An LP-Based Approach for Bilinear Saddle Point Problem with Instance-dependent Guarantee and Noisy Feedback

TL;DR

This paper introduces a novel LP-based algorithm for estimating Nash equilibria in two-player zero-sum matrix games with noisy feedback, providing the first instance-dependent sample complexity bounds for general matrices.

Contribution

The paper proposes a new LP-based method that achieves instance-dependent sample complexity bounds for Nash equilibrium estimation in noisy, general-dimension matrix games.

Findings

First instance-dependent sample complexity bound for noisy matrix games

Algorithm identifies NE support and computes NE with controlled bias

Sample complexity depends on problem-specific constants

Abstract

In this work, we study the sample complexity of obtaining a Nash equilibrium (NE) estimate in two-player zero-sum matrix games with noisy feedback.
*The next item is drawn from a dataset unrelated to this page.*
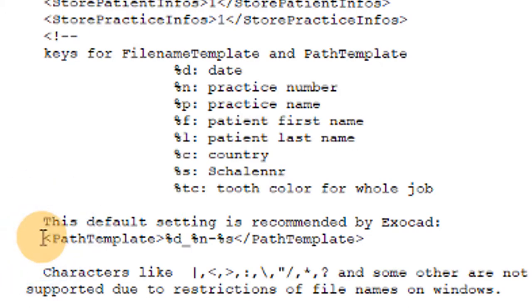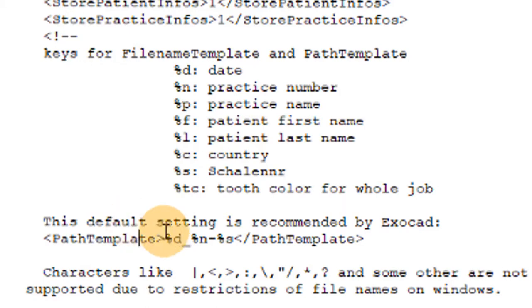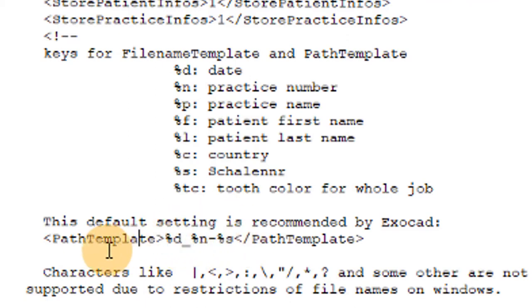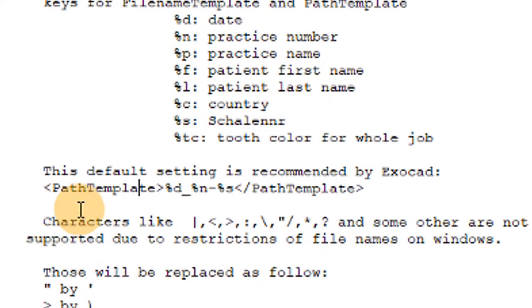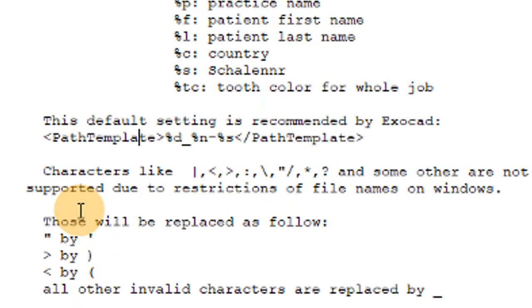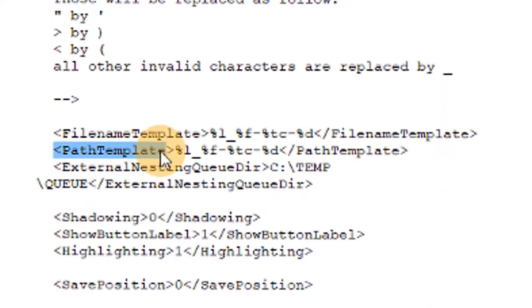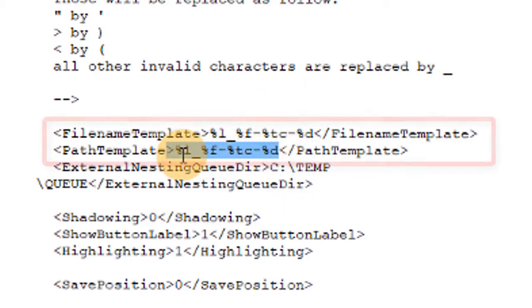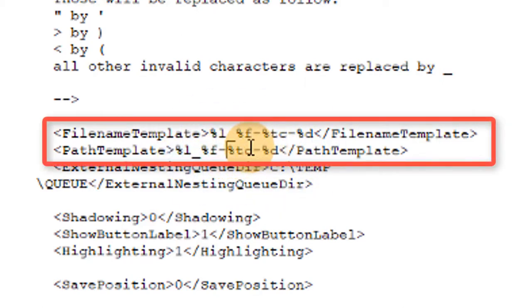What I change is the path template and this is going to be the folder that is made within CAD data. When you make a new project, I have, you can see percent D underscore N dash S, that's the default path. That's the default. You can see for my path template down here, I have last name underscore first name dash shade dash date. So I know the date that I made that project or that I started that project and the patient last and first name.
Specifically, we propose a novel algorithm that repeatedly solves linear programs (LPs) to obtain an NE estimate with bias at most $\varepsilon$ with a sample complexity of $O\left(\frac{m_1 m_2}{\varepsilon\min\{\delta^2,\sigma_0^2,\sigma^3\}} \log\frac{m_1 m_2}{\varepsilon}\right)$ for general $m_1 \times m_2$ game matrices, where $\sigma$, $\sigma_0$, $\delta$ are some problem-dependent constants. To our knowledge, this is the first instance-dependent sample complexity bound for finding an NE estimate with $\varepsilon$ bias in general-dimension matrix games with noisy feedback and potentially non-unique equilibria. Our algorithm builds on recent advances in online resource allocation and operates in two stages: (1) identifying the support set of an NE, and (2) computing the unique NE restricted to this support. Both stages rely on a careful analysis of LP solutions derived from noisy samples.